Stored data entries:

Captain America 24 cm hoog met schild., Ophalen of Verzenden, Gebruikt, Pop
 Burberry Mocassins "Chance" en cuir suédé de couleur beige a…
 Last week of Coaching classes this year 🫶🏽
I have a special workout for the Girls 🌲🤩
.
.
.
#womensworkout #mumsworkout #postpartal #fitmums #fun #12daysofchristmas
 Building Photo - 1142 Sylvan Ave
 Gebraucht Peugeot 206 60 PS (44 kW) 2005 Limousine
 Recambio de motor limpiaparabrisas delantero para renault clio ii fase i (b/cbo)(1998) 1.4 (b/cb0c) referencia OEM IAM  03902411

Requirement:
For this exercise, please copy exactly the lines from the one holding "I have a special workout for the Girls 🌲🤩" through the end of the records, the first and last included.

Finished exercise:
I have a special workout for the Girls 🌲🤩
.
.
.
#womensworkout #mumsworkout #postpartal #fitmums #fun #12daysofchristmas
 Building Photo - 1142 Sylvan Ave
 Gebraucht Peugeot 206 60 PS (44 kW) 2005 Limousine
 Recambio de motor limpiaparabrisas delantero para renault clio ii fase i (b/cbo)(1998) 1.4 (b/cb0c) referencia OEM IAM  03902411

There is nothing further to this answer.